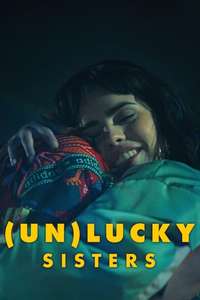 (Un)lucky Sisters - Posters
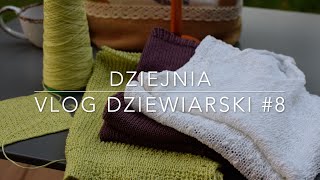 Dziejnia  vlog dziewiarski 8 [upl. by Leahpar]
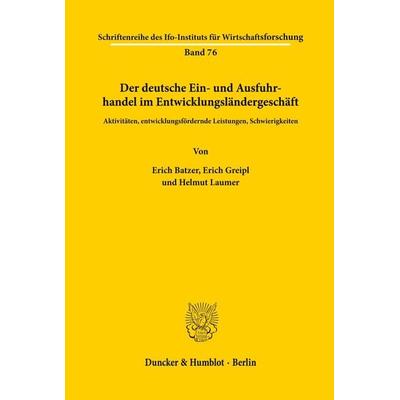 Der deutsche Ein- und Ausfuhrhandel im Entwicklungsländergeschäft., Taschenbuch von Erich Batzer,Erich Greipl,Helmut Laumer, Duncker & Humblot,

> **Aim of the task**
An exact repetition of the listing is needed, with the pictures dropped.

> **Result of the task**
 (Un)lucky Sisters - Posters
 Dziejnia  vlog dziewiarski 8 [upl. by Leahpar]
 Der deutsche Ein- und Ausfuhrhandel im Entwicklungsländergeschäft., Taschenbuch von Erich Batzer,Erich Greipl,Helmut Laumer, Duncker & Humblot,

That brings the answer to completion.